Syari’at bisa disebut syir’ah. Artinya secara bahasa adalah sumber air
mengalir yang didatangi manusia atau binatang untuk minum.
Perkataan “syara’a fiil maa’i” artinya datang ke sumber air mengalir
atau datang pada syari’ah. Kemudian kata tersebut digunakan untuk
pengertian hukum-hukum Allah yang diturunkan untuk manusia.
Kata “syara’a” berarti memakai syari’at. Juga kata “syara’a” atau “istara’a” berarti membentuk syari’at atau hukum.
Dalam hal ini Allah berfirman, “Untuk setiap umat di antara kamu (umat
Nabi Muhammad dan umat-umat sebelumnya) Kami jadikan peraturan
(syari’at) dan jalan yang terang.” [QS. Al-Maidah (5): 48]
“Kemudian Kami jadikan kamu berada di atas suatu syari’at (peraturan)
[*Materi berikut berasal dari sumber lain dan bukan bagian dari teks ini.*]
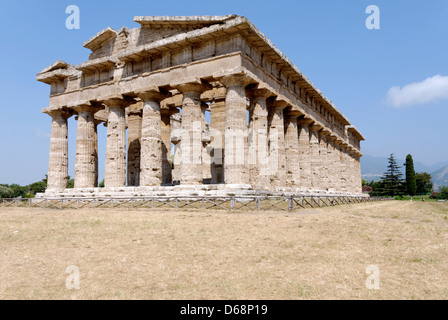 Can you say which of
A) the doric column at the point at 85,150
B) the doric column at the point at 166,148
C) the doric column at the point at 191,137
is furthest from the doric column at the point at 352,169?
the doric column at the point at 85,150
tentang urusan itu (agama), maka ikutilah syari’at itu dan janganlah
kamu ikuti hawa nafsu orang yang tidak mengetahui.” [QS. Al-Maidah (5):
18].
“Allah telah mensyari’atkan (mengatur) bagi kamu tentang
agama sebagaimana apa yang telah diwariskan kepada Nuh.” [QS.
Asy-Syuuraa (42): 13].
Sedangkan arti syari’at menurut istilah
adalah “maa anzalahullahu li ‘ibaadihi minal ahkaami ‘alaa lisaani
rusulihil kiraami liyukhrijan naasa min dayaajiirizh zhalaami ilan nuril
bi idznihi wa yahdiyahum ilash shiraathil mustaqiimi.” Artinya,
hukum-hukum (peraturan) yang diturunkan Allah subhanahu wa ta'ala
melalui rasul-rasulNya yang mulia, untuk manusia, agar mereka keluar
dari kegelapan ke dalam terang, dan mendapatkan petunjuk ke jalan yang
lurus.
Jadi syariat adalah agama atau dalam beberapa hadits
disebut juga dengan "urusan kami" , urusan yang merupakan hak Allah Azza
wa Jalla menetapkannya.
Firman Allah ta’ala yang artinya “Pada
hari ini telah Kusempurnakan untuk kamu agamamu, dan telah Aku cukupkan
kepadamu nikmat-Ku, dan telah Aku ridai Islam itu Jadi agama bagimu.”
(QS. al-Maidah: 3)
Ibnu Katsir ketika mentafsirkan (QS.
al-Maidah: 3) berkata, “Tidak ada sesuatu yang halal melainkan yang
Allah halalkan, tidak ada sesuatu yang haram melainkan yang Allah
haramkan dan tidak ada agama kecuali perkara yang di syariatkan-Nya.”
Dari Ibnu ‘Abbas r.a. berkata Rasulullah shallallahu alaihi wasallam
bersabda, “apabila mereka mengerjakan agama dengan pemahaman berdasarkan
akal pikiran, padahal di dalam agama itu tidak ada pemahaman
berdasarkan akal pikiran, sesungguhnya agama itu dari Tuhan,
perintah-Nya dan larangan-Nya.” (Hadits riwayat Ath-Thabarani)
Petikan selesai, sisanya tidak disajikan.